4.2.10 RW1 (Mrs Thwala) disputed the Applicant's claim for overtime. RW1 stated that the Applicant was not entitled to any overtime pay because, she never worked overtime while she was in the Respondent's employ. She said that the Applicant was working the normal eight (8) hours a day. RW1 testified that the Applicant's working schedule was to the effect that she started work from 8:45am to 5:30pm (knock off time) during the weekdays (Monday to Saturday). On Sunday, the Applicant started work from 8:30am to 4:00pm. RW1 alleged that in the business she is operating (Restaurant), Sunday is a working day.

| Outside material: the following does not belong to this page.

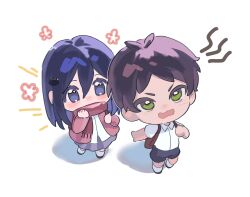  1boy 1girl aged_down backpack bag black_eyes black_hair black_shorts blush brown_bag brown_hair cardigan collared_shirt eren_yeager flower full_body green_eyes grey_skirt hair_between_eyes highres long_hair looking_at_another looking_up mikasa_ackerman open_mouth pink_cardigan pleated_skirt red_scarf scarf shingeki_no_kyojin shirt short_hair short_sleeves shorts skirt socks standing white_background white_shirt white_socks yun_(dl2n5c7kbh8ihcx)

4.2.11 Mrs Thwala further testified that the Applicant was given 30 minutes for lunch, and 15 minutes for tea break. She alleged that the Respondent provided the Applicant with free meals for lunch and breakfast.


4.2.12 RW1 also testified that there was a time when the Applicant was sick (she had a miscarriage) and the Doctor at the RFM Hospital gave her two (2) days sick leave. RW1 stated that she also gave the Applicant three (3) more days to rest at home. She referred the arbitrator to Annexure "R2", being a copy of the sick sheet issued by RFM Hospital which recommended that the Applicant should be off duty for two (2) days.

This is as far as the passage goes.